The next issue—the jurisdiction of the district court—arises from a misinterpretation by the district judge and the defendants of cases concerning jurisdiction to enforce settlements of federal lawsuits. The issue in those cases was whether a district court, in dismissing a suit because the parties have settled, and failing as in this case to reserve jurisdiction to resolve issues arising from the settlement agreement, can nevertheless entertain a suit to enforce the settlement even if there is no federal jurisdictional basis (such as diversity) separate from the basis for federal jurisdiction in the original suit. The cases answer no, the court cannot entertain the suit to enforce the settlement unless there is an independent basis of federal jurisdiction over such a suit. Kokkonen v. Guardian Life Ins. Co. of America, 511 U.S. 375, 381-82, 114 S.Ct. 1673, 128 L.Ed.2d 391 (1994); Kay v. Board of Education of City of Chicago, 547 F.3d 736, 737 (7th Cir. 2008); Lynch, Inc. v. SamataMason Inc., 279 F.3d 487, 489-90 (7th Cir.2002). The original suit may have been a federal antitrust suit, of which the district court had jurisdiction under 28 U.S.C. § 1331. But if the new suit—a suit to enforce a settlement of the antitrust suit—were between citizens of the same state, and the law on which the new suit was based was state contract law (a settlement is a contract) rather than federal law, the federal court would not have jurisdiction.
These cases are inapplicable, however, because Arrow's suit is based on federal law, namely the contribution provision of CERCLA, and not on any settlement governed by state law. The defendants' defense to the suit is res judicata, and the provisions of the settlements that
Coming finally to the merits, we face the adamant insistence by the defendants that a dismissal with prejudice bars, by principles of res judicata, a further suit arising from the same set of facts, regardless of what the parties intended.

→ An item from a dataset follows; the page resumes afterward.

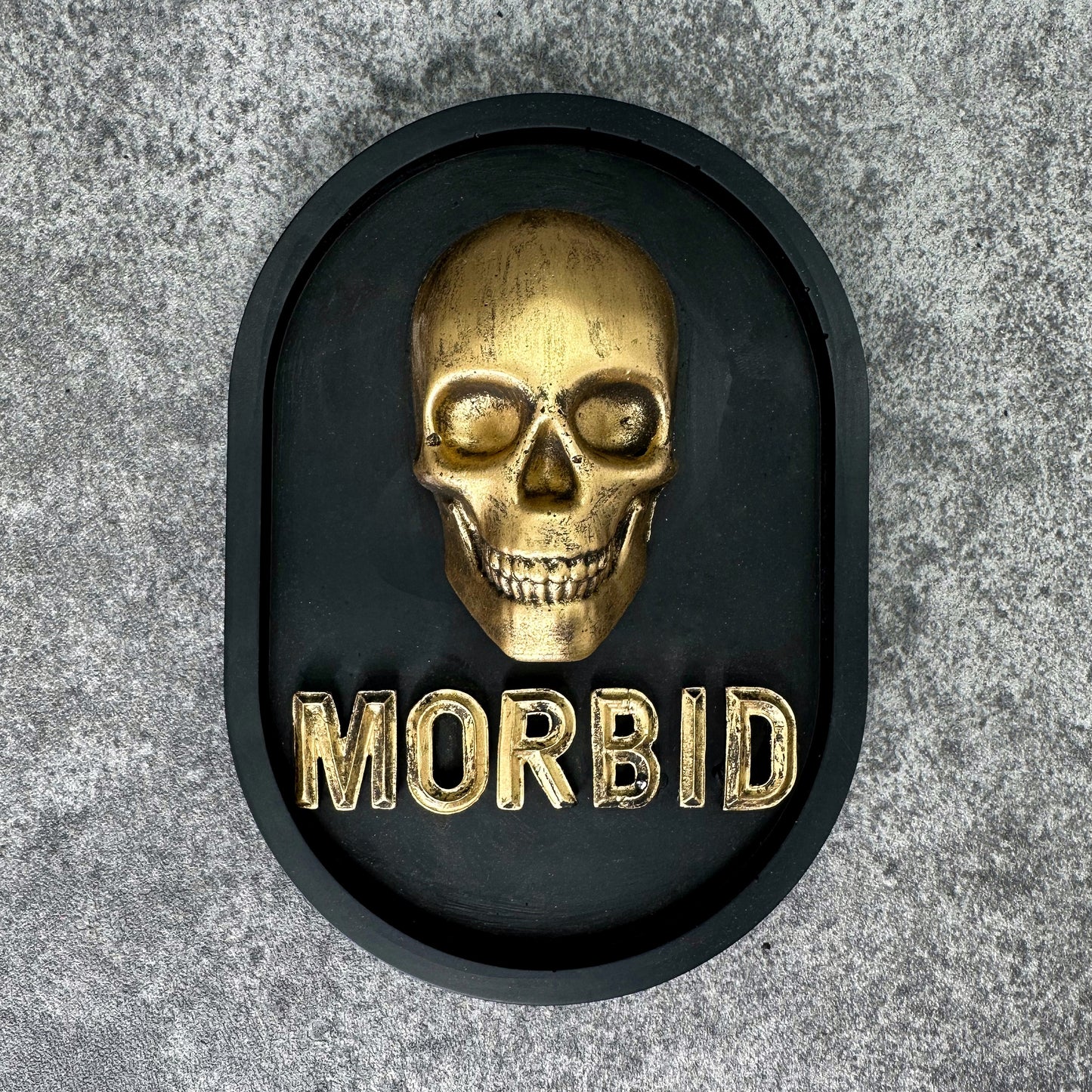 ‘Morbid’ Wall Plaque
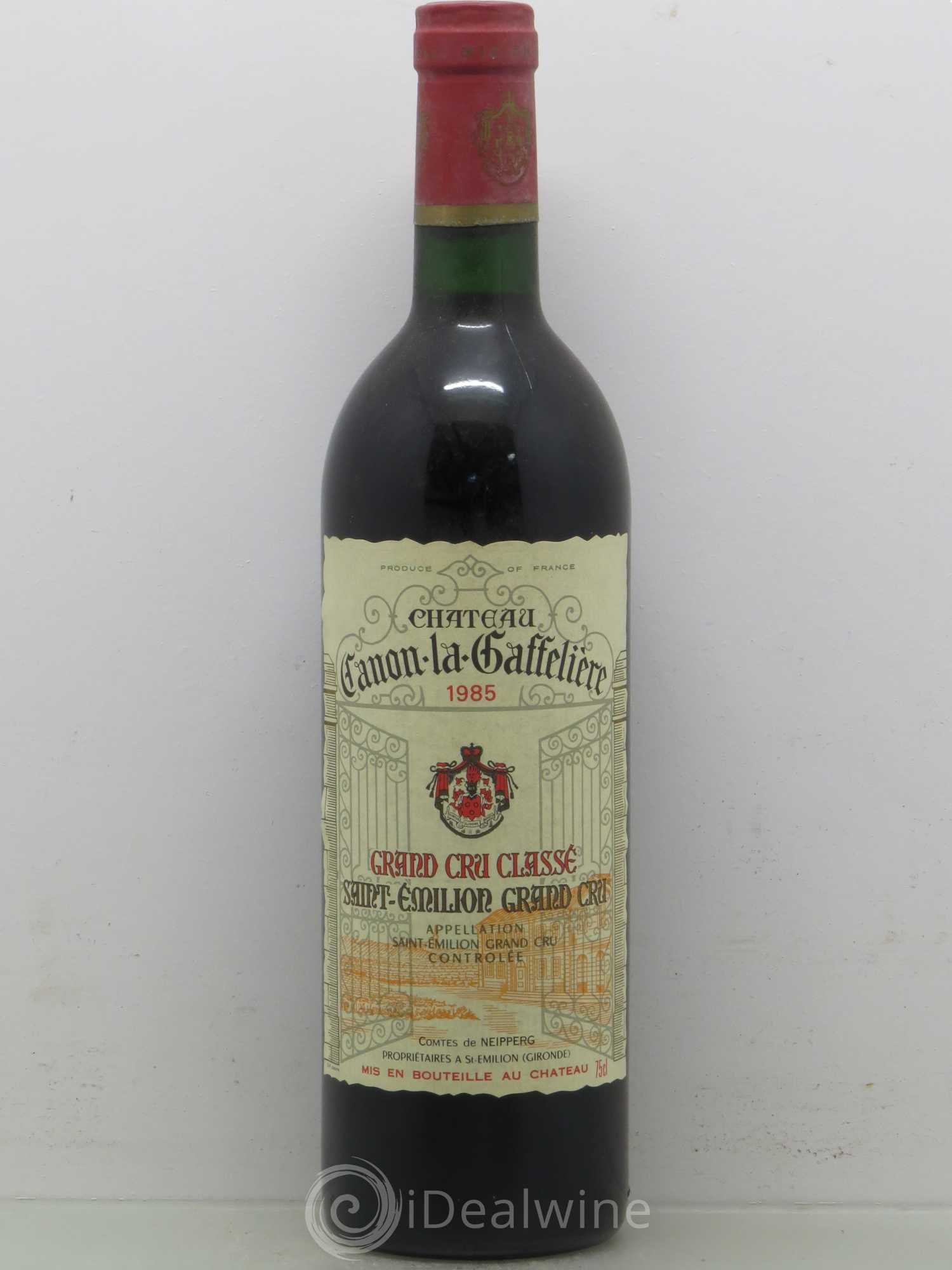Château Canon la Gaffelière 1er Grand Cru Classé B 1985 - Lot de 1 bouteille - 0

This is false. Litigants who want to split a claim among different suits can do so (subject to a qualification about to be noted). E.g., Muhammad v. Oliver, supra, 547 F.3d at 877; Norfolk Southern Corp. v. Chevron, U.S.A., Inc., supra, 371 F.3d at 1289; California v. Randtron, 284 F.3d 969, 975 (9th Cir.2002); Restatement (Second) of Judgments § 26(1)(a) and comment a (1982); Charles A. Wright, Arthur R. Miller & Edward H. Cooper, 18 Federal Practice and Procedure § 4415, pp. 354-55 (2d ed.2002). Res judicata is a defense. It can be forfeited if not pleaded—so it can be waived expressly.

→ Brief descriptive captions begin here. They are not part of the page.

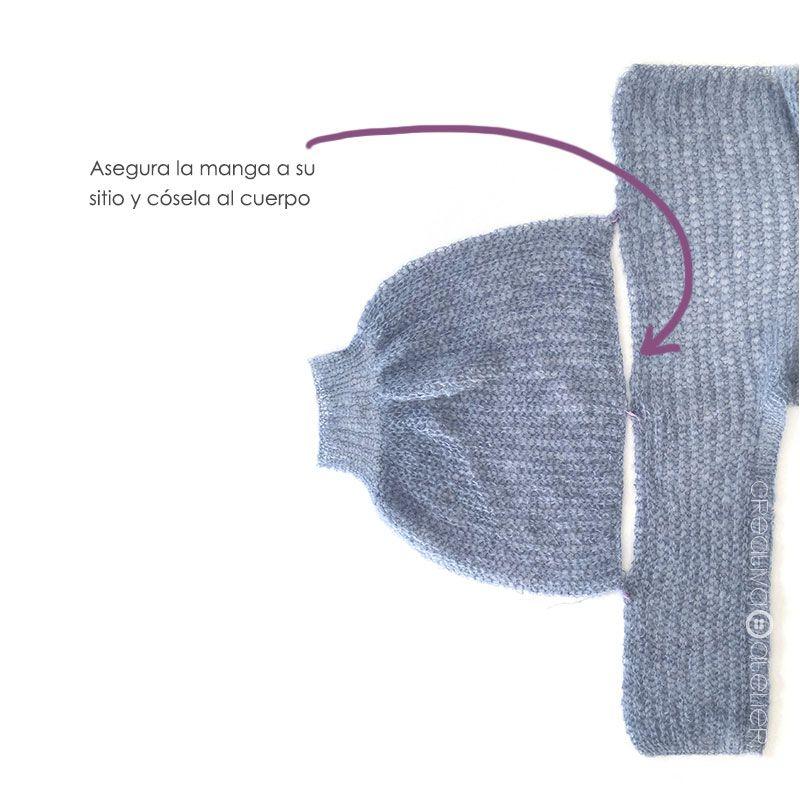 Cómo tejer un Cardigan de Mohair a dos agujas- Cloud Cardi - Patrón y Tutorial -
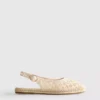 Slingback espadrille sandals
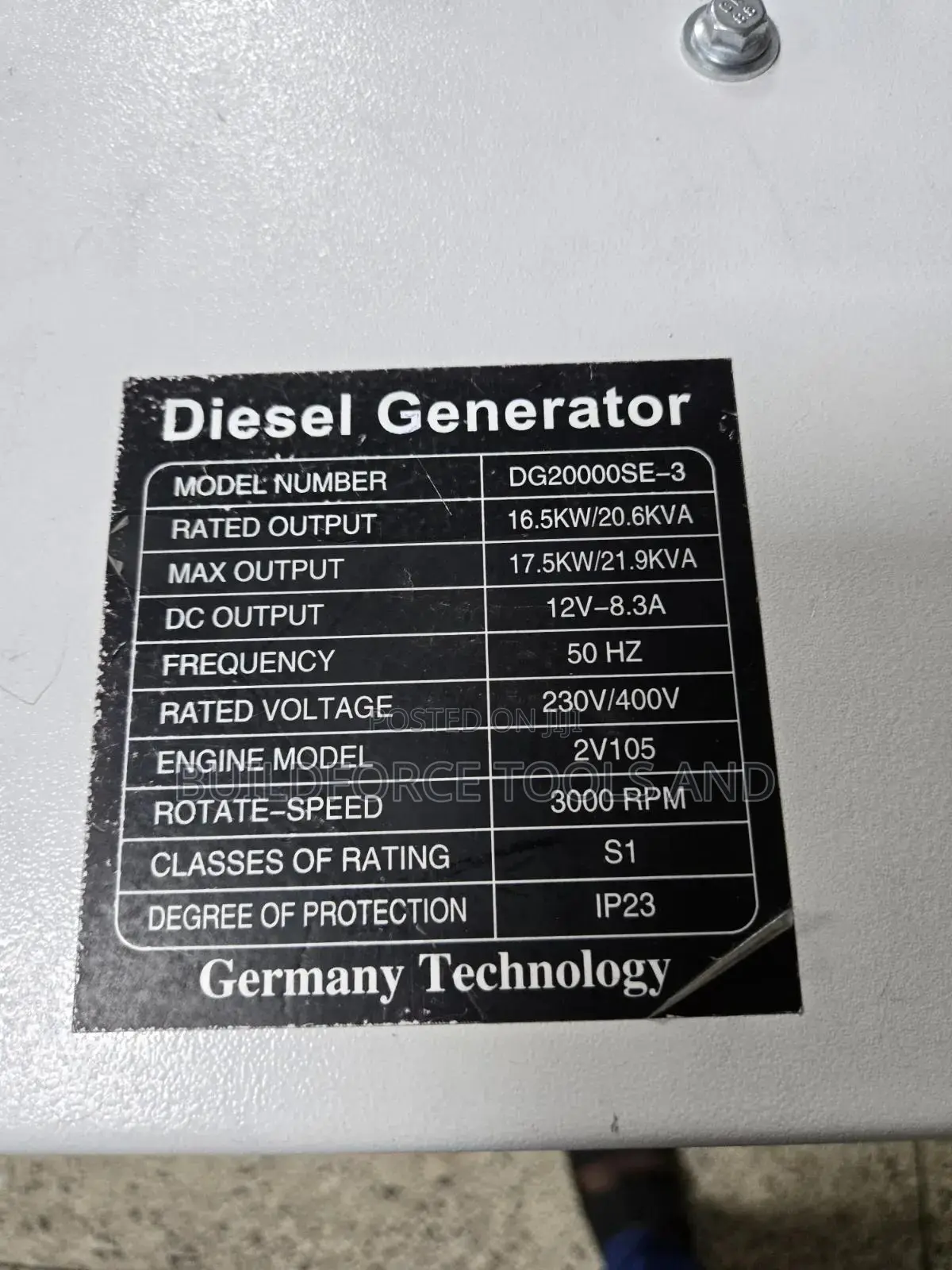 Pulsar 21 KVA 3 Phase DG20000SE-3 Heavy Duty Silent Diesel Generator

Maybe, though, there is or should be an exception. The doctrine of res judicata serves institutional as well as private interests—interests similar to those served by forbidding piecemeal appeals. Both res judicata and the final-judgment rule, along with a number of other procedural rules, aim at forcing closely related claims to be consolidated in a single proceeding, whether original or appellate, in order to economize on the expenditure of judicial resources for which litigants don't pay. Suppose A and B had gotten into a fight and B had spat on A, twisted his nose, pulled his hair, and kicked him in the shin. And suppose the parties agreed that they would not plead res judicata in any suits arising from the fight. A sues B for assault (the spitting), then for battery to his nose, then for battery to his scalp, and then for battery to his chin. We can assume (though we can't find a case) that the courts could refuse to entertain the second, third, and fourth suits—rather than have to empanel four separate juries to resolve the legal issues arising from the fight.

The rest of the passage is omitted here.